─── Given data ───

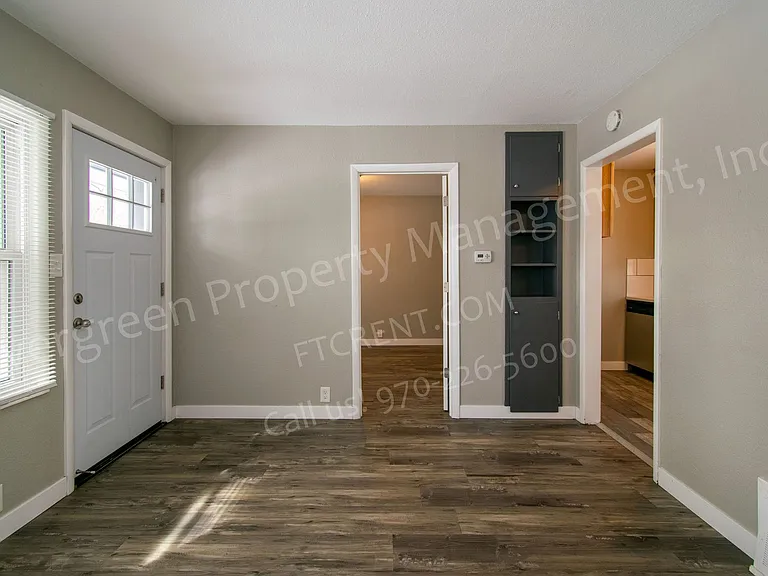 207 E Stuart St — Photo 3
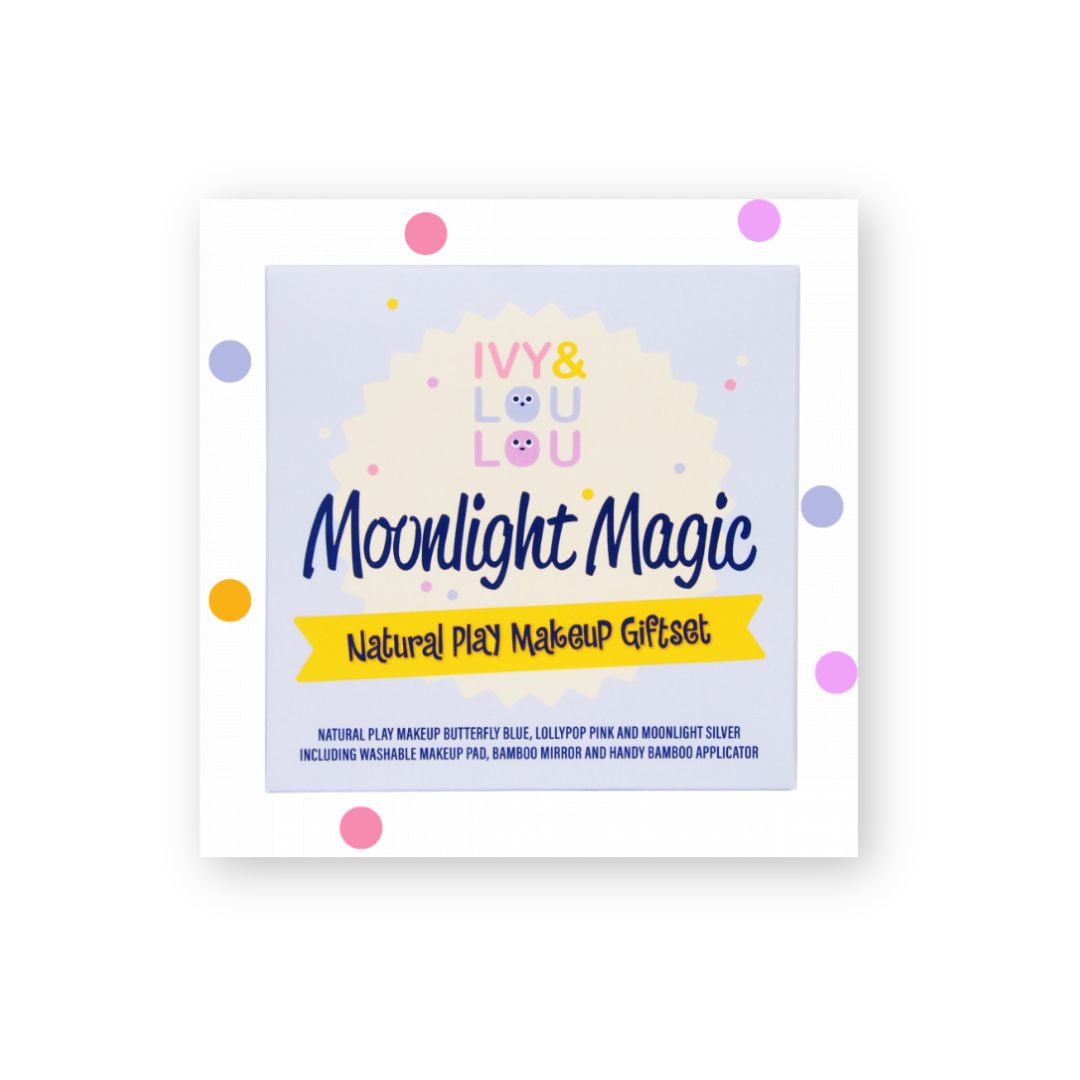 Moonlight Magic Geschenkset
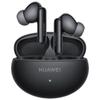 Huawei FreeBuds 6i True Wireless Noise-Cancelling Earbuds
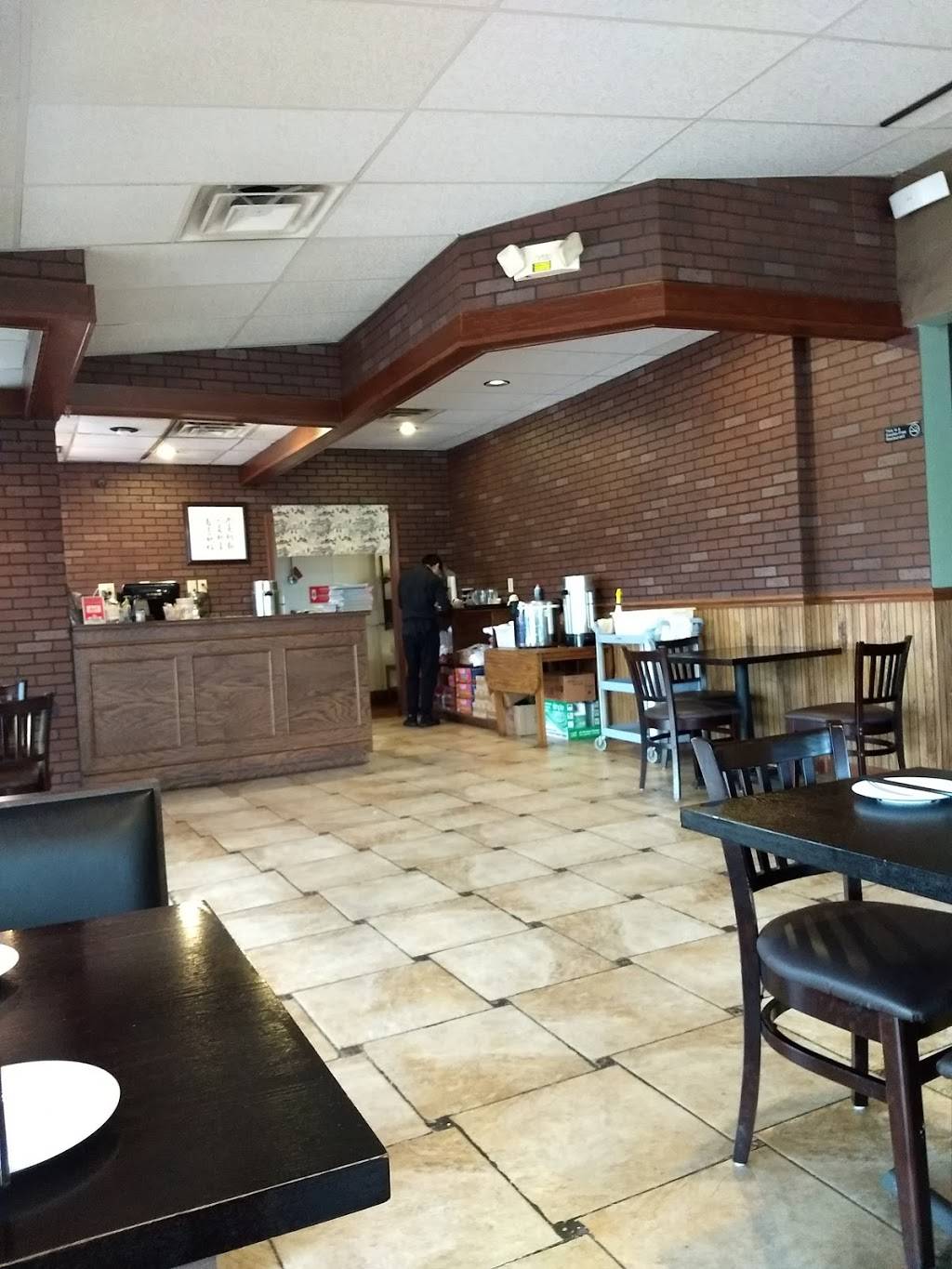 Red | restaurant | 1402 N Walnut St, Bloomington, IN 47404, USA | 8126503807 OR +1 812-650-3807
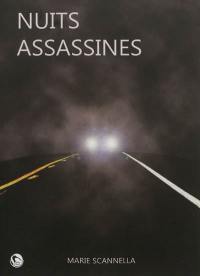 Nuits assassines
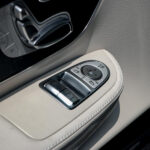 img-mercedes-benz-classe-v-voiture-d-occasion-6605-31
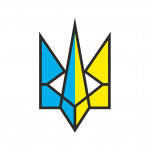 ВІЛЬНА УКРАЇНА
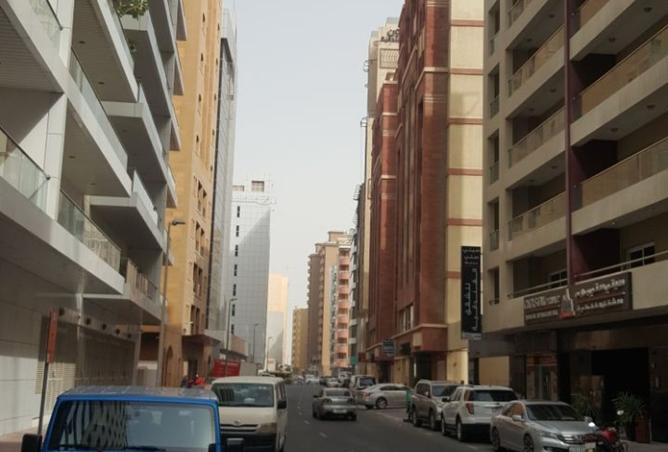 15990884 - صورة العقار 3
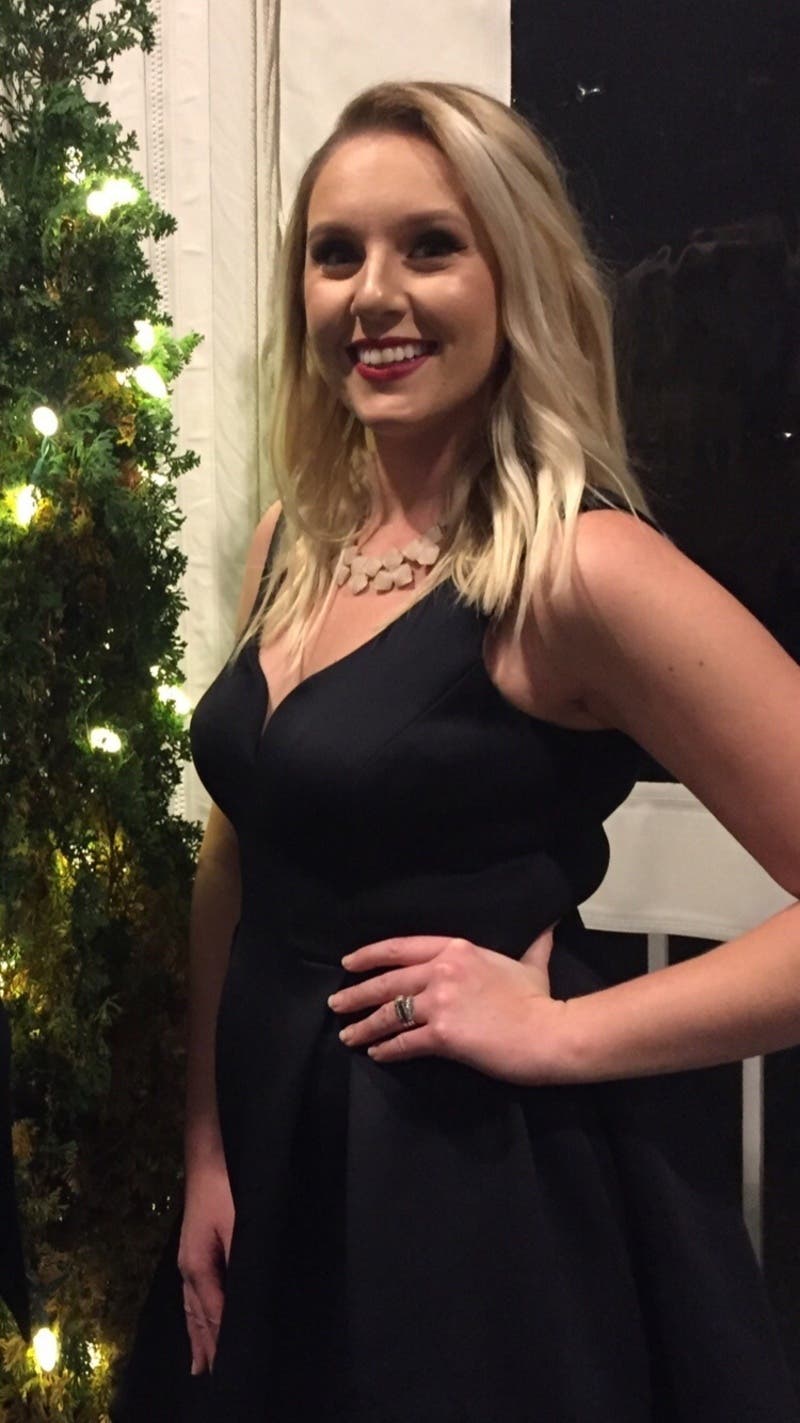 Megan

───

» What to do
Print the records again exactly, pictures excluded.

» Finished task
 207 E Stuart St — Photo 3
 Moonlight Magic Geschenkset
 Huawei FreeBuds 6i True Wireless Noise-Cancelling Earbuds
 Red | restaurant | 1402 N Walnut St, Bloomington, IN 47404, USA | 8126503807 OR +1 812-650-3807
 Nuits assassines
 img-mercedes-benz-classe-v-voiture-d-occasion-6605-31
 ВІЛЬНА УКРАЇНА
 15990884 - صورة العقار 3
 Megan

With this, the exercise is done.